Hatta ‘’Gün gelir lazım olur’’ diyerek ev eşyalarında dahi depolama yapanlar var.
Özellikle anne babalar ve ebeveynler çocuklarını aşırı marka takıntılı, müsrif ve hazırcı olarak yetiştiriyor. Çevresindeki insanlara özenerek, arkadaşlarıyla yarışırken en pahalı, markalı ürünlere yöneliyor. Alım gücü olmasa bile borçla, krediyle almaya çalışıyor. Sonrasında ise ekonomik yönden ödeme güçlüğü çekilen sıkıntılı bir süreç başlıyor.
Eşyaya mala tapar hale gelen bir insanlık var. Az çok etiketine unvanına ve onun getirdiği imkân ve güce tapanları görüyorduk. En azından herkesin çevresinde böyle karakterde bir kişi vardır.
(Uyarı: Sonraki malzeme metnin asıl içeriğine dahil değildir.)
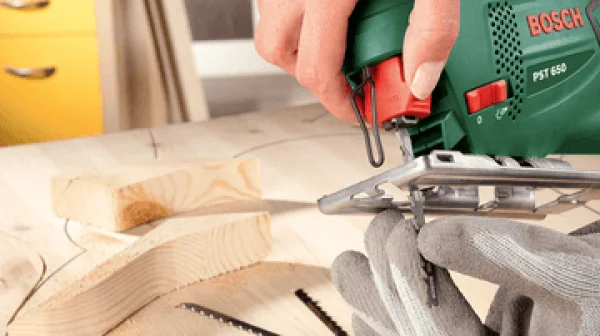 Bosch hobby pst 650 seghetto alternativo 500 w - dettaglio 4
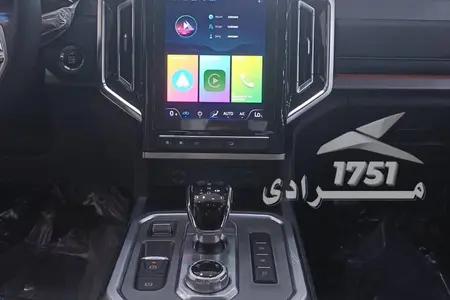 کی ام سی T9 ۲.۰ لیتر توربو - 1404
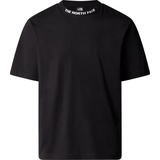 The North Face T-Shirt 'ZUMU', - Schwarz,Weiß - XL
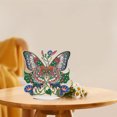 thumbnail image 4 of 5D DIY Diamond Art Decoraciones Mesa Mariposa Hecha A Mano para Adultos Principiantes, 4 of 8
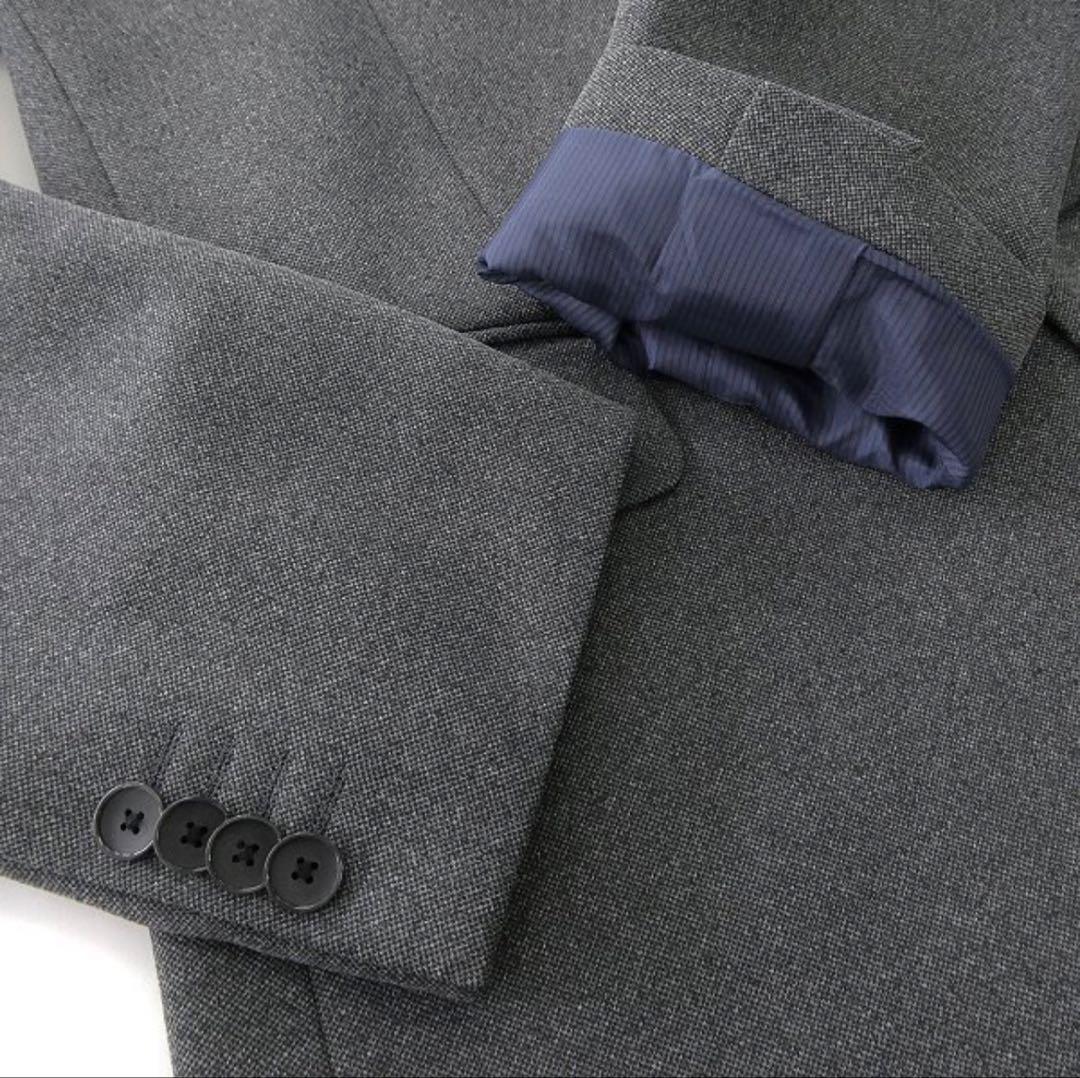 新品 パーソンズフォーメン ストレッチ スーツ AB4 灰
Bu gücü adeta gözünüze sokar gibi hareket ediyorlar. Kendilerini rahatlattıklarını diğer insanlardan üstün olduklarını düşünüyorlar.
Bazı insanlar ise görgüsüzlüğün kitabını yazıyor. O kadar çok abartıya ve gösterişe kaçıyor ki. Karmaşa ve uyumsuzluktan İnsanın gözü kanıyor. Böylelerine büyüklerin tabiriyle ‘’sonradan görme’’ deniyor. Yaşadığı geçmişini böyle kapatıyor.
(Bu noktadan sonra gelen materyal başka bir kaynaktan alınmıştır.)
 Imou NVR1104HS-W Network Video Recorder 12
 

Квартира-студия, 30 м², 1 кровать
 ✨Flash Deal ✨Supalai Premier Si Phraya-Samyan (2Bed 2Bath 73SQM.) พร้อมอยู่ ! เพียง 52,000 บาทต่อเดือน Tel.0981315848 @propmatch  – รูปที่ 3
İhtişamlı sofraların resimleri videoları paylaşılıyor sosyal medyalarda. Artık fakiri kimse düşünmüyor. Nefisi çeker olayına girilmiyor. O kadar savurganlığa yazık. Dünya onların olsa ne yazar midesinin aldığı kadar yiyebilir. Hatta sağlık açısından, diyetten yiyemez bile. Karnını değil gözünü doyuruyorlar. Ne garip zengin hastalıktan, ya da formunu korumak için yiyemez fakir bulamadığı için.
‘’Onun varda benim neden yok’’. ‘’A o kim ki nasıl almış, nasıl yapmışta ben alamıyorum ben yapamıyorum’’ diyerek insanlar kendi hayatlarını kendilerine çekilmez hale getirdiklerini anladıklarında belki insanlık birazcık ta olsa değişir düzelir diye umut ediyorum.
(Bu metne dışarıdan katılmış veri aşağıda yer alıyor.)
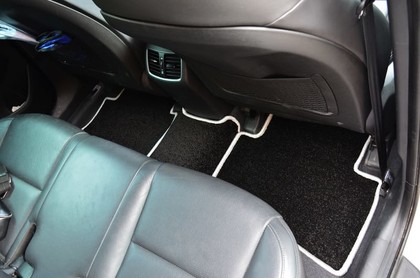 Ворсовые коврики на Hyundai Tucson III 2015 - 2021 в Брянске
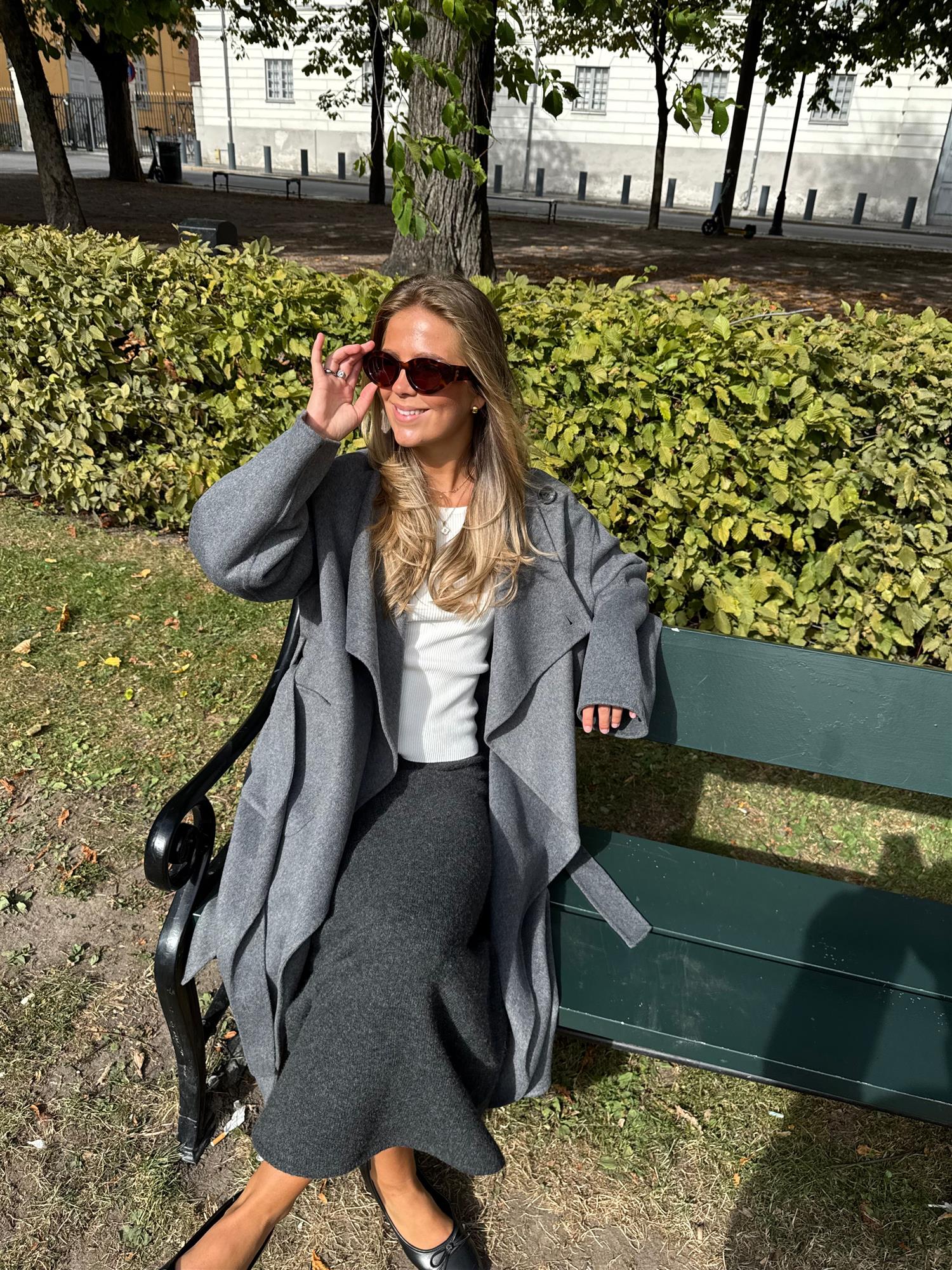 Ana Wool Coat - Jakker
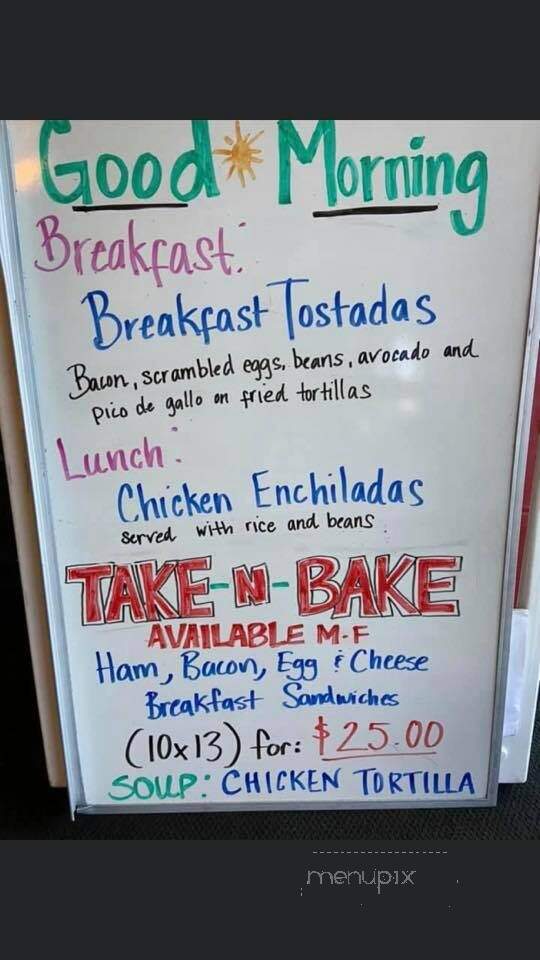 Breakfast Club - Seaside, CA menu_pic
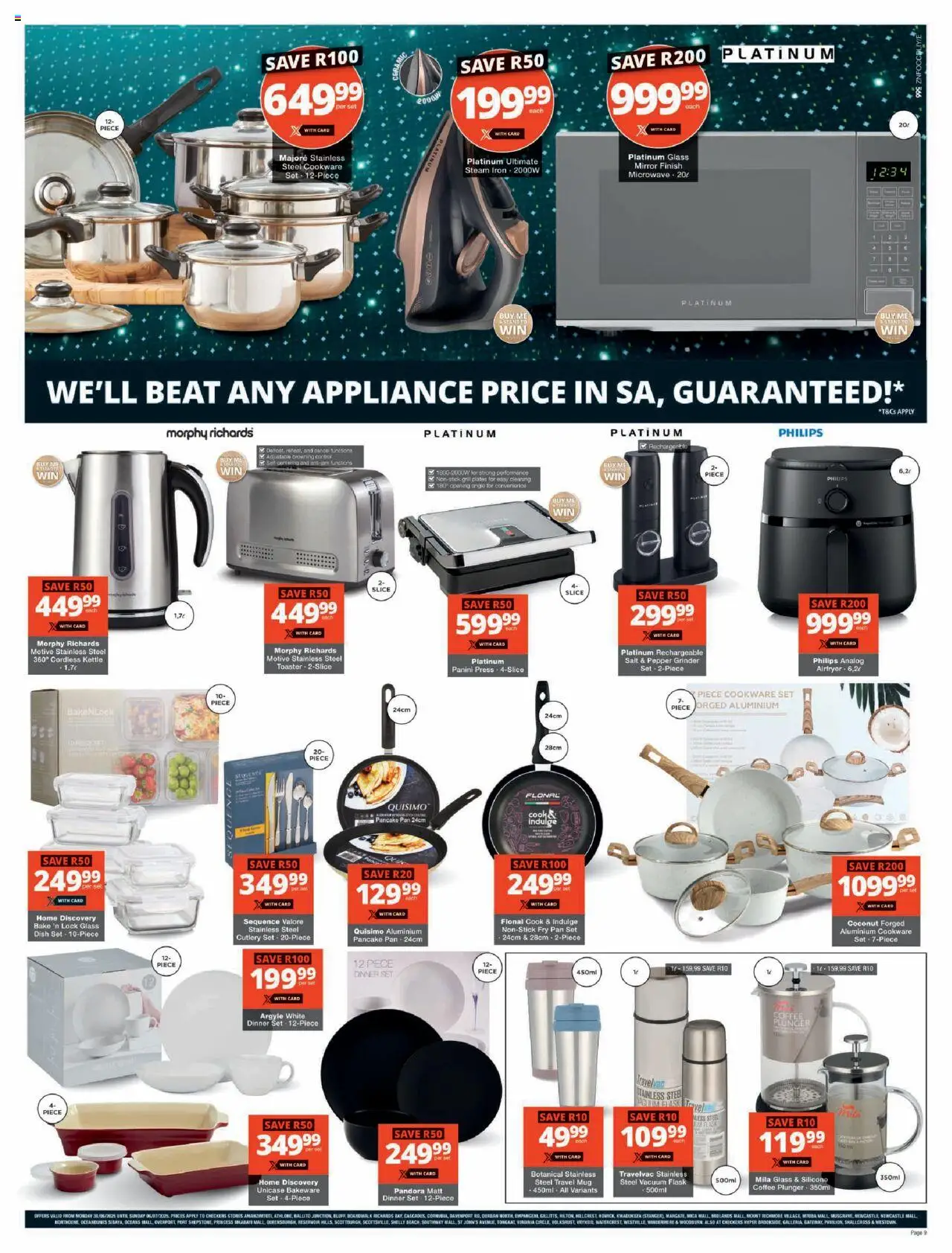 Checkers KwaZulu-Natal - XXL Savings Week 4 Deals 30/06 - 06/07/2025 >> Catalogue - page 9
Her yıl sıkıldım diyerek modası değişti diyerek ev eşyası değiştirenler mi dersiniz. Giymeye fırsatı olmadığı modası geçti diye etiketi üzerinde kıyafetleri değiştirenler mi dersiniz. Paranın nereden geldiği belli değil ama gösteriş yapmanın aç gözlülüğün sınırı yok. Say say bitmez sonu da gelmez.
Keşke bu insanlar kendi pencerelerinden değil de diğer insanların baktığı pencereden baksalar. O zaman kendileri hakkındaki düşüncelerini görmek istemezler. Belki kendilerine çeki düzen verirler.
Sonuçta insanların karnını değil gözünü doyuramadığımız için dünya yok oluyor. Yardımlaşma, hoşgörü, dürüstlük, güzel ahlak sadece sözde kalıyor. İyi olan her şey söylemlerde geçiyor. Kötü olan ne varsa uygulamada birinci sırada yerini alıyor.